(Problem to work on):
Using the data below, return word for word every line from the one holding "White candle sand" down to the one holding "Kitchen featuring white". Leave pictures out.

(Data for review):
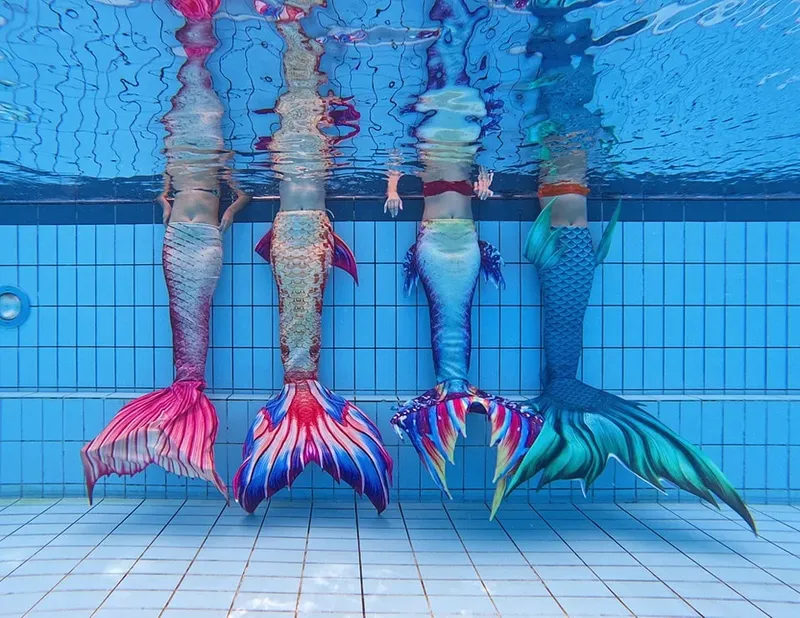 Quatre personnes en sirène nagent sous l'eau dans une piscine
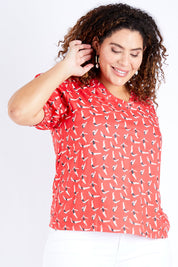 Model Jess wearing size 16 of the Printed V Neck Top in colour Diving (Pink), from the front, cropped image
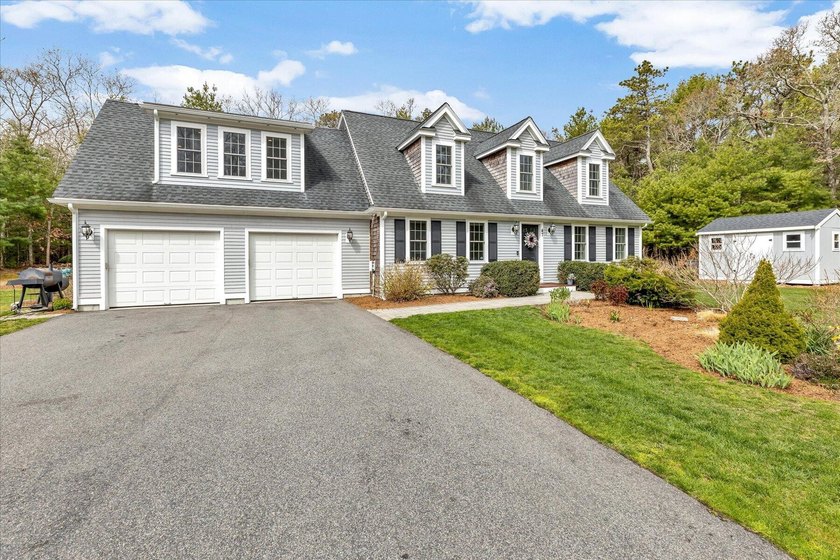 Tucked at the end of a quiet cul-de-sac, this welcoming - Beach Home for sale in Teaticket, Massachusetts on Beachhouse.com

* * *

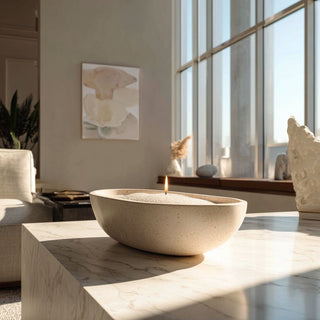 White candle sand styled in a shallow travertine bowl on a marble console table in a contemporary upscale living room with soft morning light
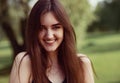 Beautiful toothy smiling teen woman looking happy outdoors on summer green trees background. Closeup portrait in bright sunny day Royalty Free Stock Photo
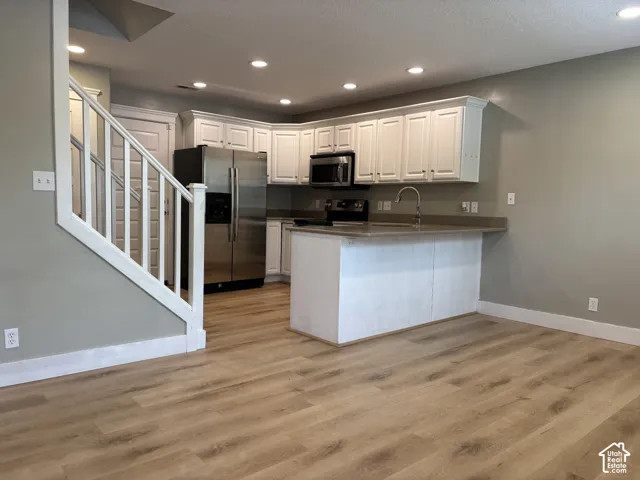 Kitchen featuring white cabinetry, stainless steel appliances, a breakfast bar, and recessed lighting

(Result below):
 White candle sand styled in a shallow travertine bowl on a marble console table in a contemporary upscale living room with soft morning light
 Beautiful toothy smiling teen woman looking happy outdoors on summer green trees background. Closeup portrait in bright sunny day Royalty Free Stock Photo
 Kitchen featuring white cabinetry, stainless steel appliances, a breakfast bar, and recessed lighting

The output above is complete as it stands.